┌─ Excerpted records

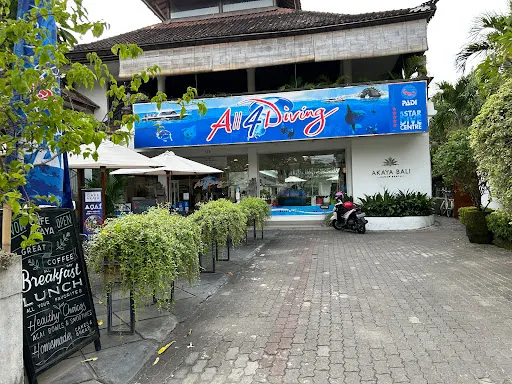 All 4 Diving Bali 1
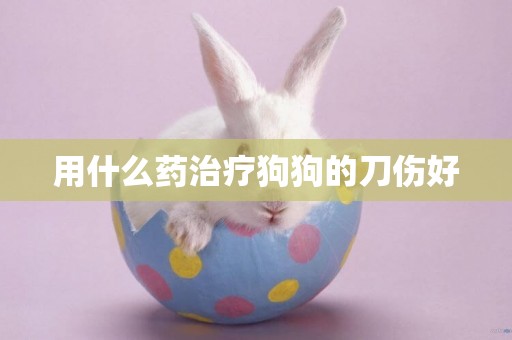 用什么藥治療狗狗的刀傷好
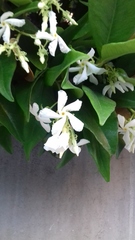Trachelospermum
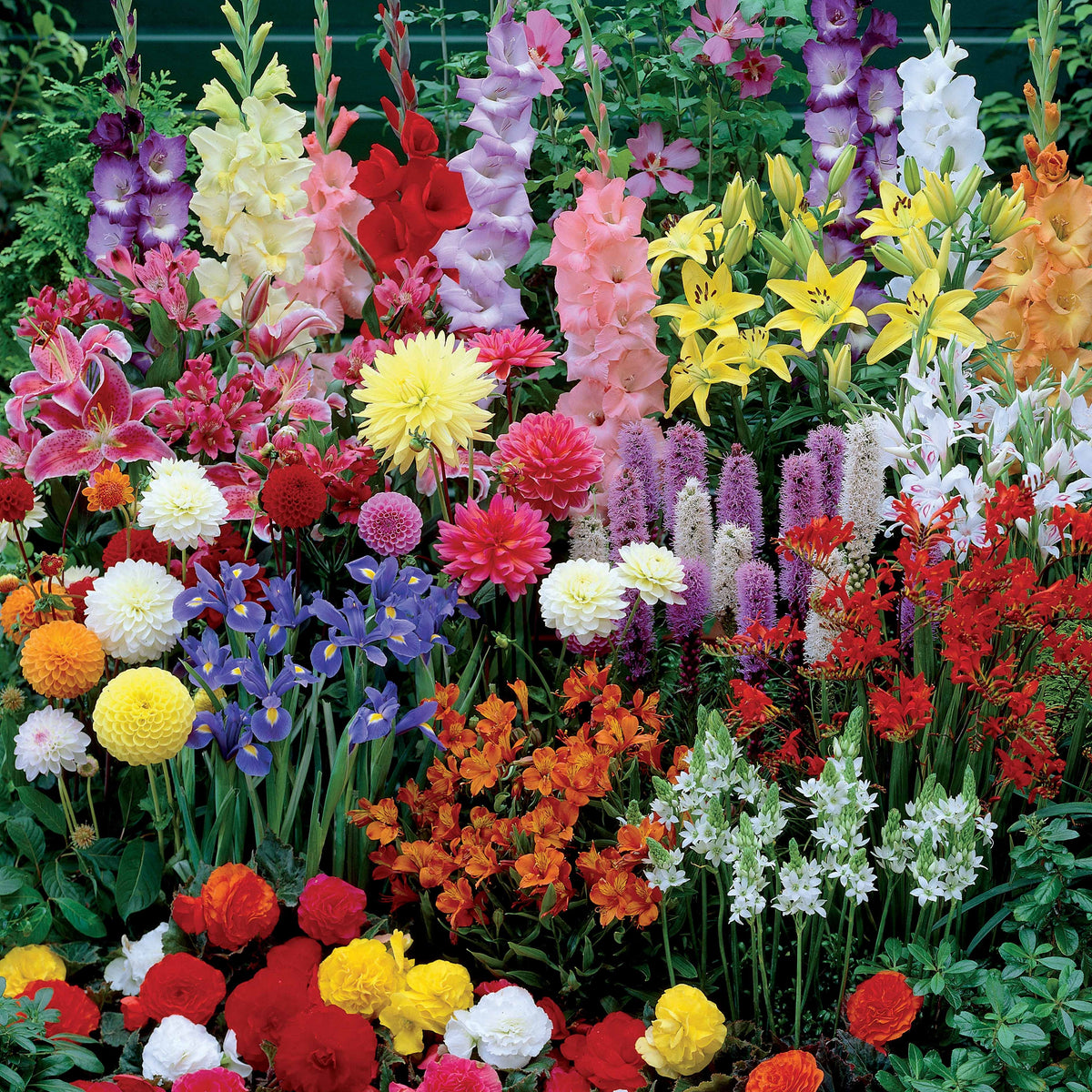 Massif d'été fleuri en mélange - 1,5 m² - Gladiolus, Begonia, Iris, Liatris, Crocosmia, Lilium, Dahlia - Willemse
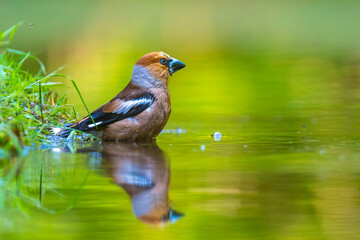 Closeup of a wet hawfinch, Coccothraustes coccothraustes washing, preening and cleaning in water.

└─

** Work required **
Could the lines above be copied out exactly, with no image carried over?

** Solved problem **
 All 4 Diving Bali 1
 用什么藥治療狗狗的刀傷好
Trachelospermum
 Massif d'été fleuri en mélange - 1,5 m² - Gladiolus, Begonia, Iris, Liatris, Crocosmia, Lilium, Dahlia - Willemse
 Closeup of a wet hawfinch, Coccothraustes coccothraustes washing, preening and cleaning in water.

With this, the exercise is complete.